Open CasellaJr opened 1 year ago
Hey @CasellaJr! Thanks a lot for raising this issue. I've taken some time to review the thread you have going with the Gramine team, and I think there's a few things we can try to get PyTorch to respect the thread limit / improve performance round over round. First, the docker environment variables you've set are not being passed to Gramine. This is by design. To set the number of threads in the enclave, you'll need to modify the gramine manifest.

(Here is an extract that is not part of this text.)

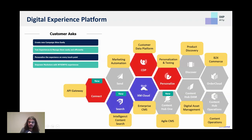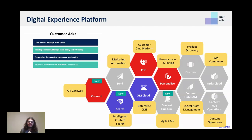We go in with XM Cloud, then we can add Search if this is a site that needs content search — I would recommend most sites to have search. But we also give the ability to increase personalization with Personalize and CDP in case we need more personalization capabilities.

So instead of setting:
ENV OMP_NUM_THREADS=40
ENV OPENBLAS_NUM_THREADS=40
ENV MKL_NUM_THREADS=40
ENV VECLIB_MAXIMUM_THREADS=40
ENV NUMEXPR_NUM_THREADS=40
in the Dockerfile, you should add the following to the gramine manifest template:
loader.env.OMP_NUM_THREADS = "40"
loader.env.OPENBLAS_NUM_THREADS = "40"
loader.env.MKL_NUM_THREADS = "40"
loader.env.VECLIB_MAXIMUM_THREADS = "40"
loader.env.NUMEXPR_NUM_THREADS = "40"
Yesss, you are right! Thank you! I am fixing this, then I will run the experiment and tomorrow I will update you with the results. I will edit this post 😄
Hello @psfoley
I changed how you suggested the gramine manifest. So, in theory it is all ok (apart from Gramine that needs to be built with patched libgomp).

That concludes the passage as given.